Please output the listing below character for character and omit the images.
##### Data section #####
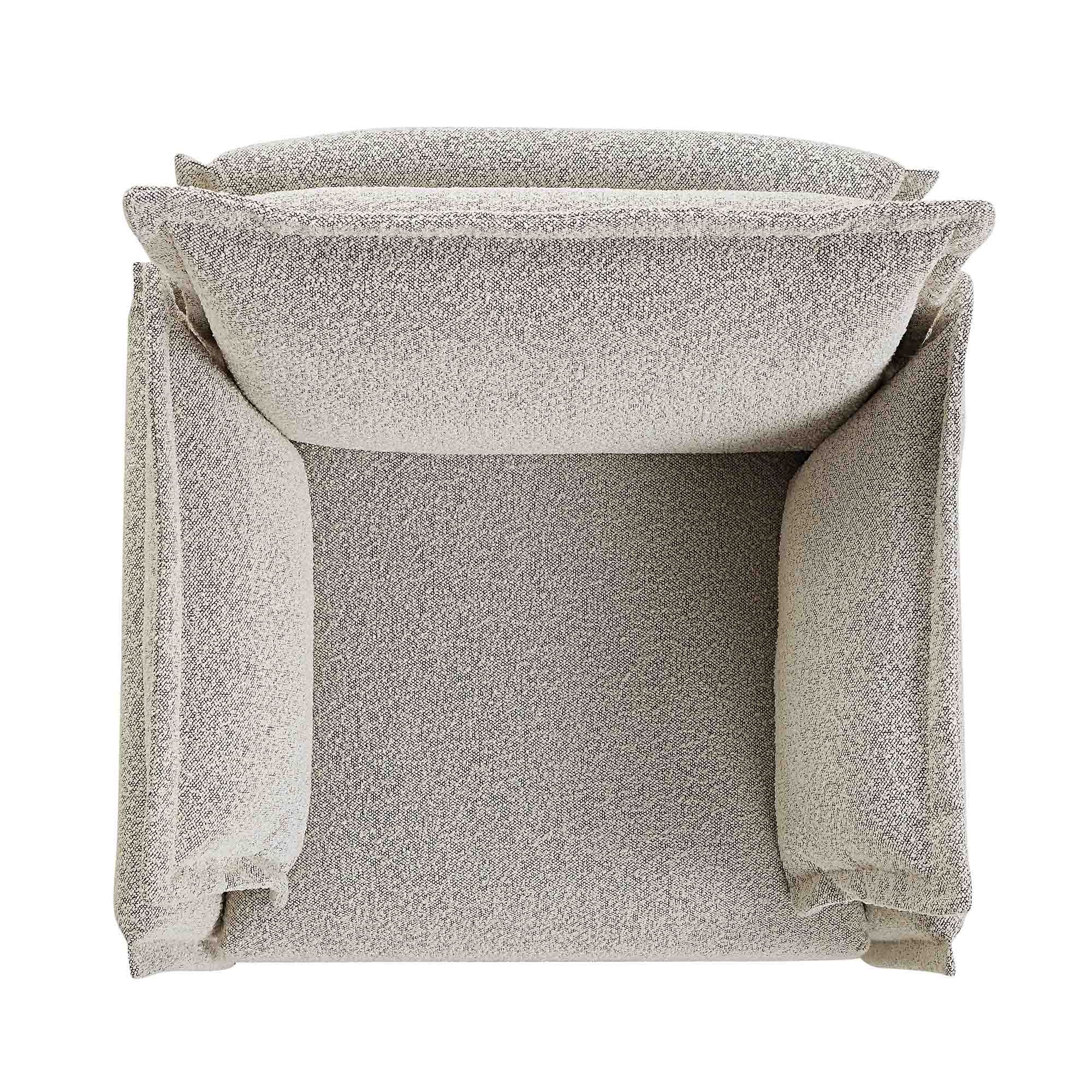 Byron Pillow Edge Mist Grey Boucle Modular Sofa, 1-Seater - Image 6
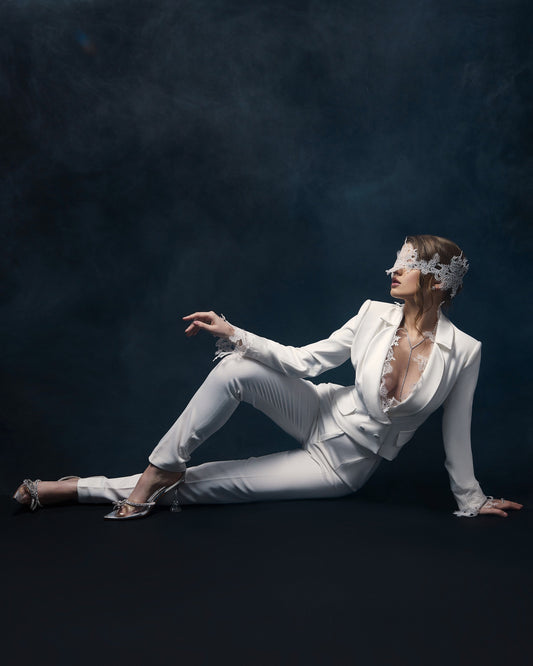 Women lace wedding suit, wedding jacket and trousers, bridal separates, minimalist bride outfit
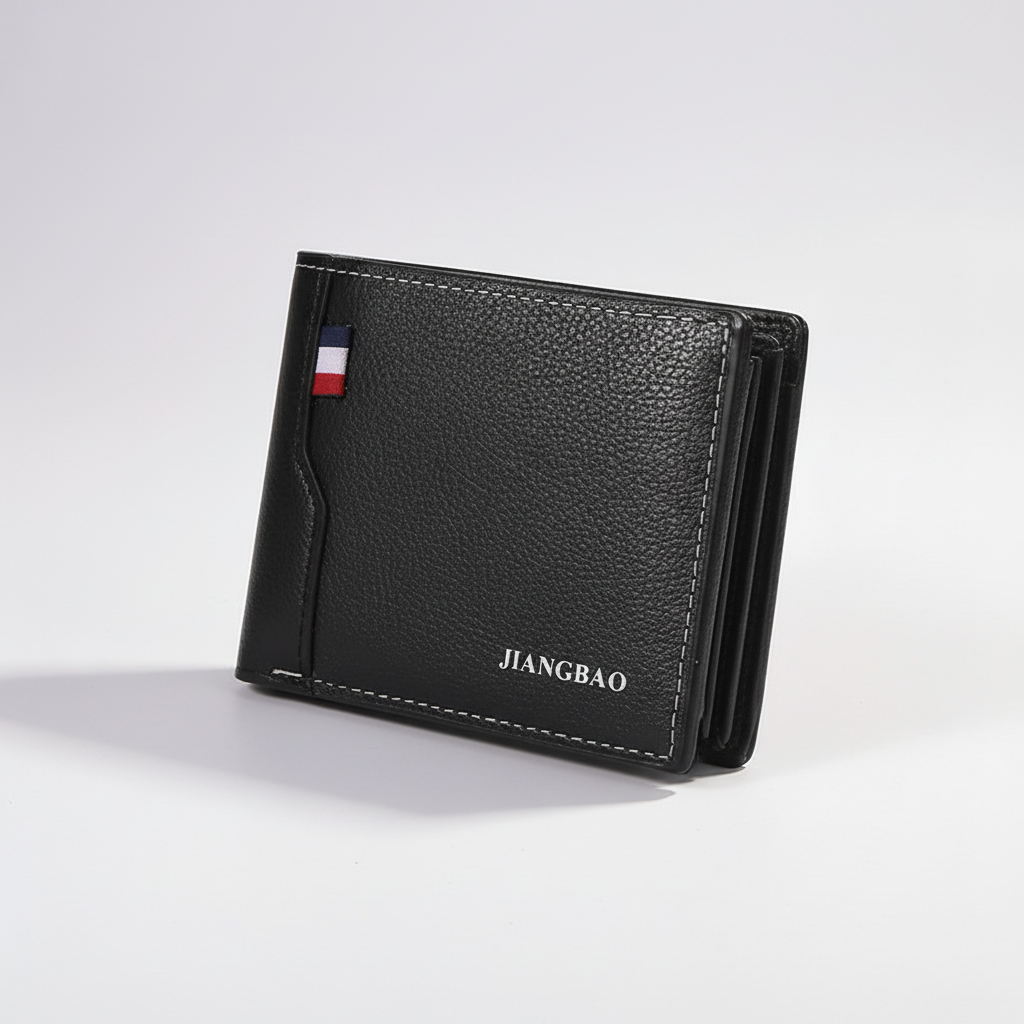 Slim bifold wallet with multiple card slots and organised interior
#####
> [Output]:
 Byron Pillow Edge Mist Grey Boucle Modular Sofa, 1-Seater - Image 6
 Women lace wedding suit, wedding jacket and trousers, bridal separates, minimalist bride outfit
 Slim bifold wallet with multiple card slots and organised interior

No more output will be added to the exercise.